Some kind of undone woman challenged his ponderous glower. She was not
yet Salome. She was only just the hope of the man.
Her fingers, splayed triumphant atop her prize like some poised Queen Spider,
had been born fully realized from a few bold Sienna strokes. Reaching into the
maelstrom of his mind, where dreams break upon memories, the painter had grasped
that hand and pulled it gasping from the depths. Endless other flotsam flailed
in that wild storm of the imagination but they were left to flounder until, one
after another, those naissant imaginings finally despaired and submerged lost
into the dark. He had saved that one breathtaking painted passage though. He had
plucked it from the wreckage and hurled it into the world. The sinister hand had
collapsed upon the Sinopia washed canvas and took breath. It lay there now,
relishing its salvation, and exultating in its own perfection.

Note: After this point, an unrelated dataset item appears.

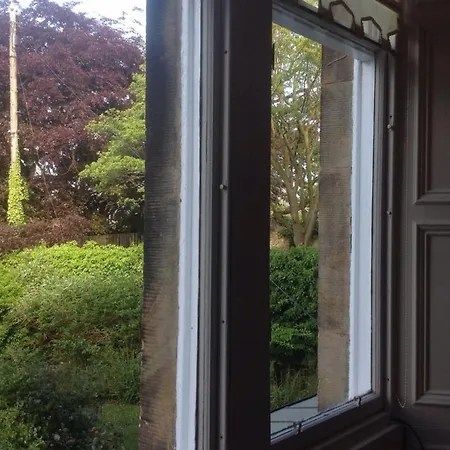 Botanic Garden Apartment Edinburgh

The woman's gaze though, little more than a hinted wash of brown tones, stared
back at the creator that had left her but a notion. Where there were no eyes,
they did not question. They demanded nothing of their God. Silently, that thin
layer of oils spoke only of the sadness of the unborn. His Salome's features
could not be found floating in the frenzied waters of his psyche though. Nothing
sublime was surviving that tempest. No beauty hailed his attention. She would
only be if he worked her up from nothing.
Still, the man just sat staring at this ghost of a thing, this fleshless frame
for a dream. The potent weight of that next paint stroke immobilized him.
The Rue de Grenelle studio was inadequate. Light was poor and quiet impossible.
When Gilles Montagne lifted his mass up from the end of the bed, his restless
pacing was immediately confronted by his confinement. Cornered, he swivelled to
again contemplate the easel. His heavy, weathered brow remained dour. There was
perhaps an hour remaining. He could not use colour by candlelight. Spinning, he
was already within reach of the flimsy yellow curtains that were among the
residue of a former resident and he grasped them both to frame his face against
the too narrow window.
Nothing on that Paris street could solve his problem. No aspect of the waning
Sun would inspire a solution. He sought, he thought, distraction. The gnarled
paintbrush was drawn from his teeth to be clenched in a powerful fist. Now, as
he beat that balled and angry hand against the ledge and wall and on and on in
metronomed demand for answers, always the hog's bristles were kept clear of any
contact.
He was not grand, M Montagne, but stout.
A filthy nightshirt is the loose drapery for this barrel-chested nude.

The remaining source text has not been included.